Savepoints and externalized checkpoints

Introduction#

Savepoints are “fat”, externally stored checkpoints that allow us to resume a stateful flink program after a permanent failure, a cancelation or a code update. Before Flink 1.2 and the introduction of externalized checkpoints, savepoints needed to be triggered explicitly.

Savepoints: requirements and preliminary notes

A savepoint stores two things: (a) the positions of all datasources, (b) the states of operators. Savepoints are useful in many circonstances:

slight application code updates
Flink update
changes in parallelism
…

As of version 1.3 (also valid for earlier version):

checkpoint must be enabled for the savepoints to be possible. If you forget to explicitly enable checkpoint using:

StreamExecutionEnvironment env = StreamExecutionEnvironment.getExecutionEnvironment();
env.enableCheckpointing(checkpointInterval);

you will get:

java.lang.IllegalStateException: Checkpointing disabled. You can enable it via the execution environment of your job

when using window operations, it is crucial to use event-time (vs ingestion or processing time) to yield proper results;
to be able to upgrade a program and reuse savepoints, manual uid must be set. This is because, by default, Flink changes the operator’s UID after any change in their code;
Chained operators are identified by the ID of the first task. It’s not possible to manually assign an ID to an intermediate chained task, e.g. in the chain [ a -> b -> c ] only a can have its ID assigned manually, but not b or c. To work around this, you can manually define the task chains. If you rely on the automatic ID assignment, a change in the chaining behaviour will also change the IDs (see point above).

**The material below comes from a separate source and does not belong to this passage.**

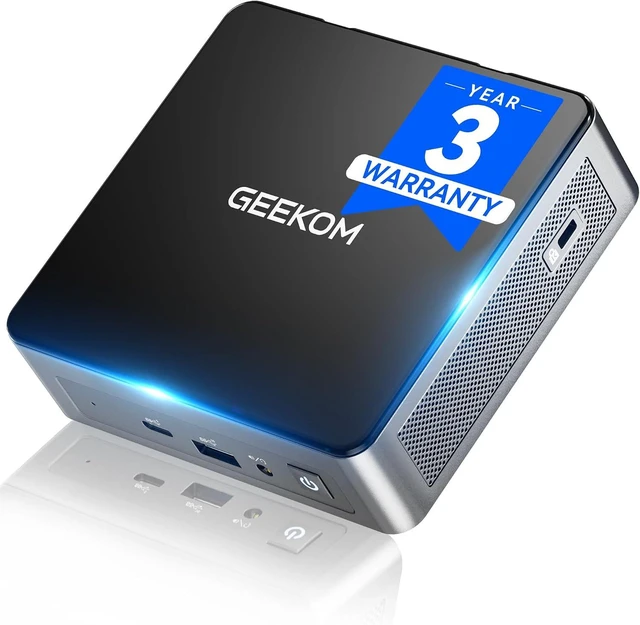 Main image of GEEKOM Air12 Mini PC Computer, Intel Pentium Gold 7505, 8GB DDR4 256GB SSD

More info is available in the FAQ.

Savepoints

Configuration

The configuration is in the file flink/conf/flink-conf.yaml (under Mac OSX via homebrew, it is /usr/local/Cellar/apache-flink/1.1.3/libexec/conf/flink-conf.yaml).

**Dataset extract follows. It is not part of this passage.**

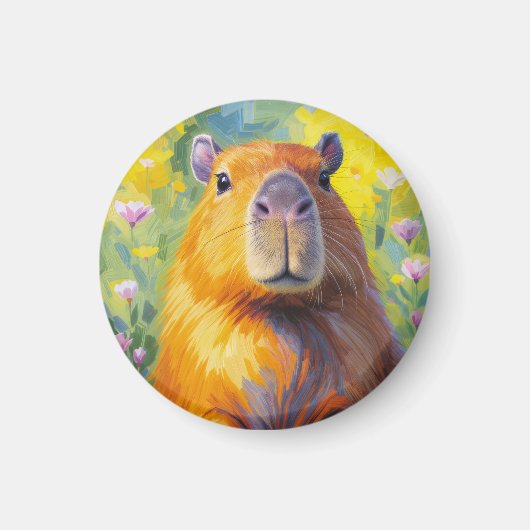 Magnetischer Capybara Magnet (Vorne)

Flink < 1.2: The configuration is very similar to the checkpoints configuration (topic available). The only difference is that it makes no sense to define an in-memory savepoint backend, since we need the savepoints to persist after Flink’s shutdown.

# Supported backends: filesystem, <class-name-of-factory>
savepoints.state.backend: filesystem

# Use "hdfs://" for HDFS setups, "file://" for UNIX/POSIX-compliant file systems,
# (or any local file system under Windows), or "S3://" for S3 file system.
# Note: must be accessible from the JobManager and all TaskManagers !
savepoints.state.backend.fs.checkpointdir: file:///tmp/flink-backend/savepoints

Note: If you don’t specify a backend, the default backend is jobmanager, meaning that your savepoints will disappear once the cluster is shutdown. This is useful for debug only.

Flink 1.2+: as explained in this jira ticket, allowing a savepoint to be saved in the jobmanager’s memory makes little sense. Since Flink 1.2, savepoints are necessarily stored into files. The above configuration has been replaced by:

# Default savepoint target directory
state.savepoints.dir: hdfs:///flink/savepoints

Usage

Getting the job ID

To trigger a savepoint, all you need is the job ID of the application. The job ID is printed in the command line when you launch the job or can be retrieved later using flink list:

flink list
Retrieving JobManager.
Using address localhost/127.0.0.1:6123 to connect to JobManager.
------------------ Running/Restarting Jobs -------------------
17.03.2017 11:44:03 : 196b8ce6788d0554f524ba747c4ea54f : CheckpointExample (RUNNING)
--------------------------------------------------------------
No scheduled jobs.

Triggering a savepoint

To trigger a savepoint, use flink savepoint <jobID>:

flink savepoint 196b8ce6788d0554f524ba747c4ea54f
Retrieving JobManager.
Using address /127.0.0.1:6123 to connect to JobManager.
Triggering savepoint for job 196b8ce6788d0554f524ba747c4ea54f.
Waiting for response...
Savepoint completed. Path: file:/tmp/flink-backend/savepoints/savepoint-a40111f915fc
You can resume your program from this savepoint with the run command.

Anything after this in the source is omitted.